AeroSonicDB (YPAD-0523) Dataset for Acoustic Detection and Classification of Aircraft

AeroSonicDB is a completely novel, open-source audio dataset for research and development in the field of Environmental Sound Classification and Machine Listening.

Tip: Clone the following repo to download the dataset and start training an acoustic aircraft detection model. github.com/aerosonicdb/AeroSonicDB-YPAD0523


Project Introduction:

AeroSonicDB originally started as a challenge for me to apply advanced machine learning and audio signal processing techniques to a novel task. With the abscense of open-source datasets or models to leverage, this project would require me to deliver an end-to-end deep learning solution, complete with all the bumps and critical decisions faced by machine learning engineers.

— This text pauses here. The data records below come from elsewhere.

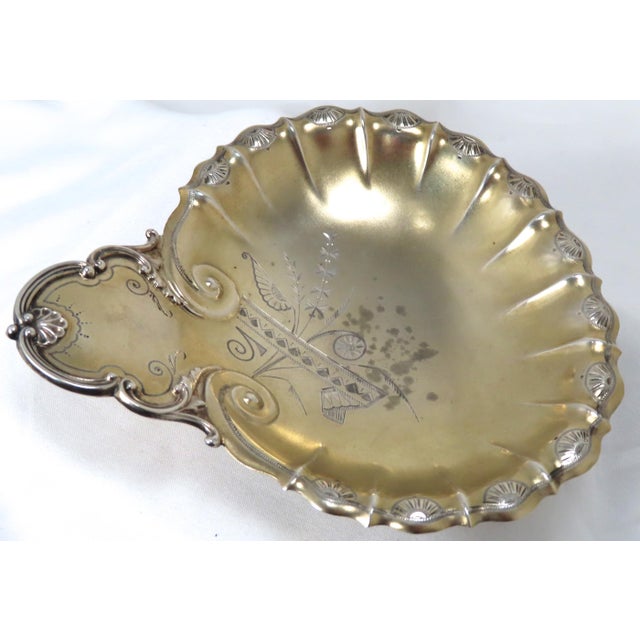 Late 19th Century Antique American Victorian Rococo Revival Sterling Silver Trinket Tray For Sale - Image 5 of 13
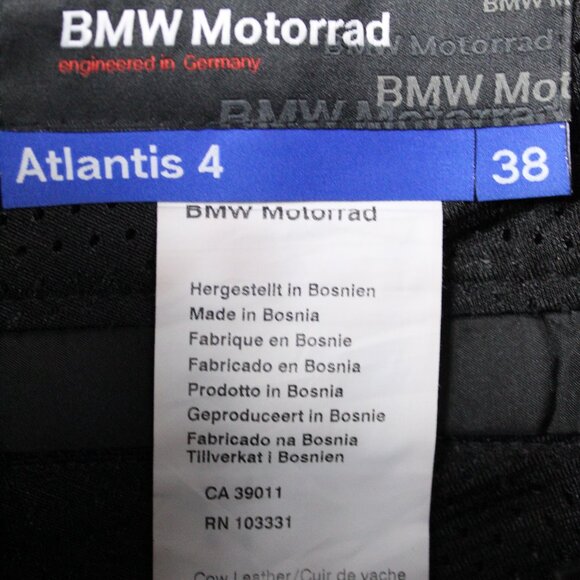 BMW MOTORRAD BMW Women’s Atlantis 4 Black Cow Leather Trousers Sz 38 As-is - Picture 7 of 12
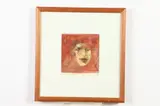 Leonard Baskin, Red Medusa, Monotype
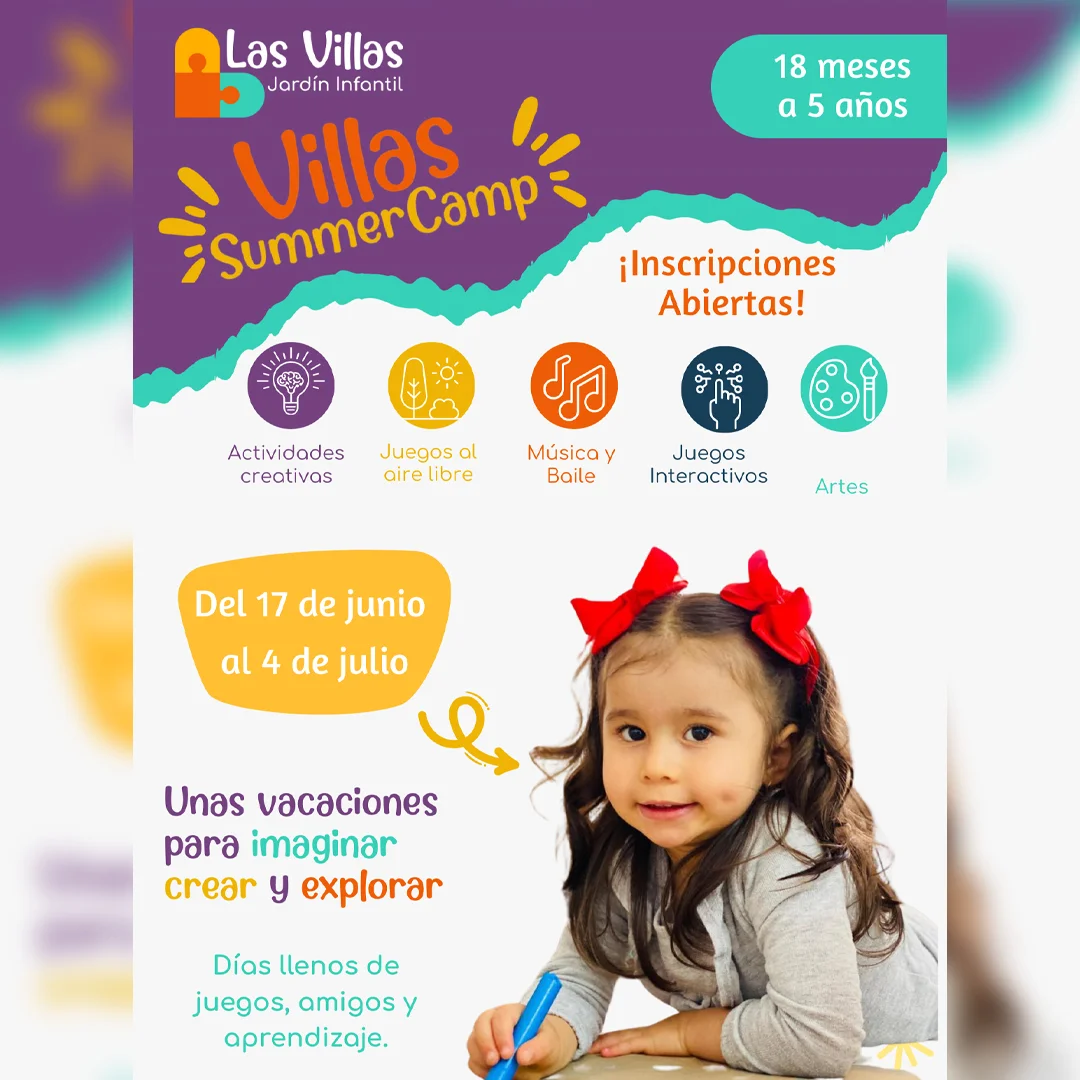 Cursos de vacaciones en el Jardín Infantil Las Villas de Bogotá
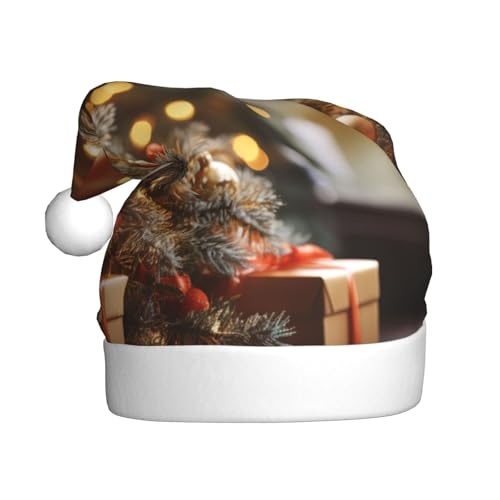 Kycvds Weihnachtsbaumschmuck, Weihnachtsmannmütze, Urlaub für Erwachsene, Unisex, Samt, Komfort, extra dicker Hut für Neujahr Kycvds Weihnachtsbaumschmuck, Weihnachtsmannmütze, Urlaub für Erwachsene, Unisex, Samt, Komfort, extra dicker Hut für Neujahr von Kycvds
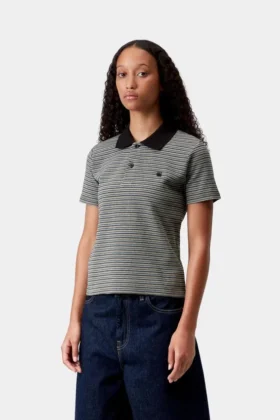 Polo à manches courtes Dion Stripe pour femme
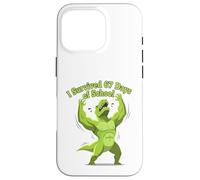Funny Dinosaur I Survived 67 Days Of School Design Case for iPhone 16 Pro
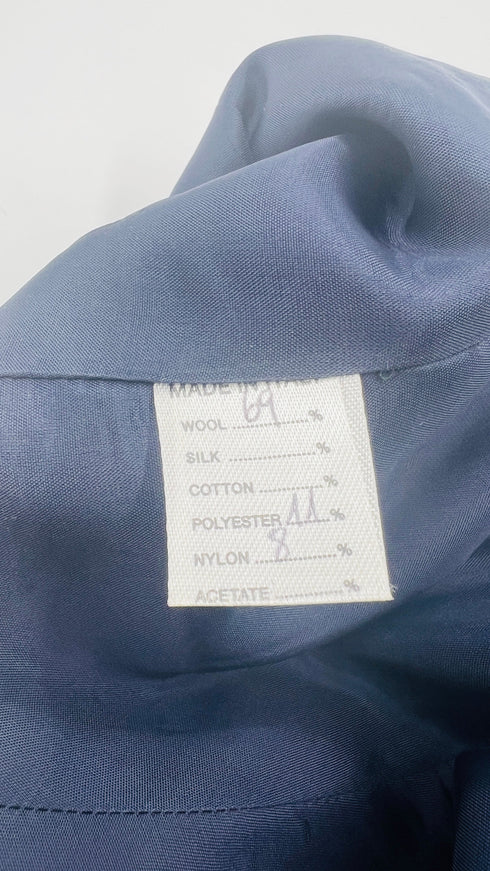 Completo in lana blu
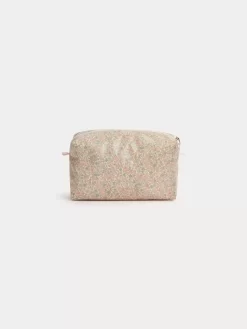 Newborn & Baby Bonpoint Childcare | Zippered Pouch Pink Flowers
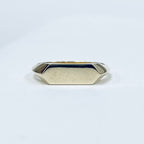 Hexagon Signet Ring | 14ct Yellow Gold Minimalist Design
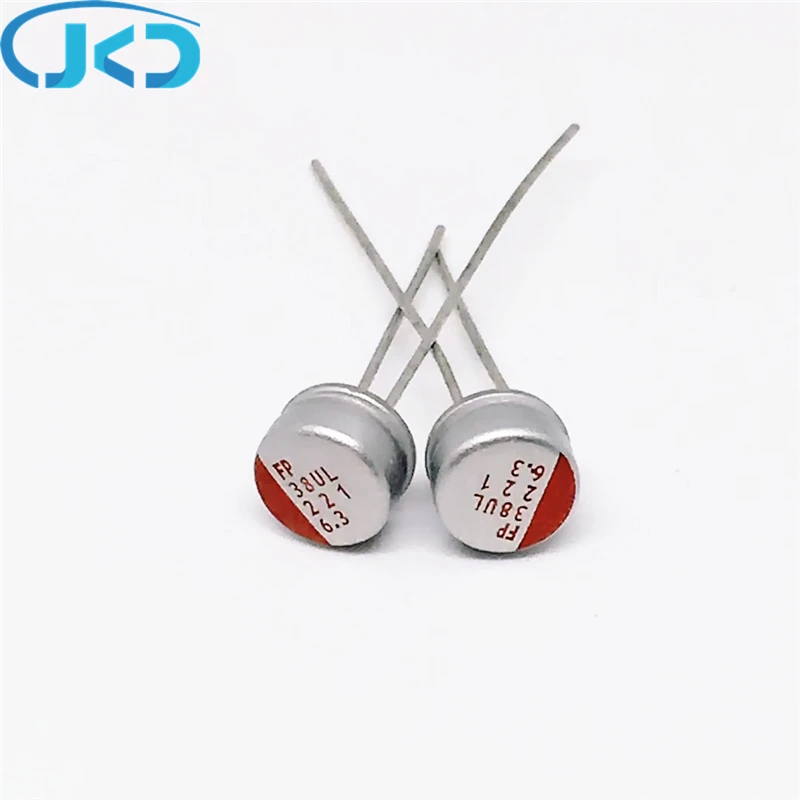 10pcs 220uF 6.3V 6x4mm Fujitsu Super Low ESR 6.3V220uF For Motherboard VGA Solid Capacitor  6.3V 220UF Fujitsu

Not only did this project propel and deepen my understanding of signal processing in general, but it led to developing wide variety of technical and soft skills, such as:

  • Delpoying a remote, standalone device (Raspberry Pi 4B) interfaced with a software-defined radio and GPS.
  • Collaborating with an industry expert to open-source the dataset and present a paper with benchmark results.
  • Collecting data and running inference at the edge with a microcontroller (Arduino Nano Sense).
  • Developing a custom front-end application for verifying and annotating audio files - vastly reducing the time spent labelling samples.

Key Takeaways:

  • Popular dataset with two citations and approx 2,000 downloads in 12 months.
  • Ready to use pipeline can allow beginners to start training a detection model within minutes.
  • AI assistance built into later versions of the annotation application to speed up annotation even further.
  • Training tiny models to run inference in real-time on a low cost, low energy microcontroller.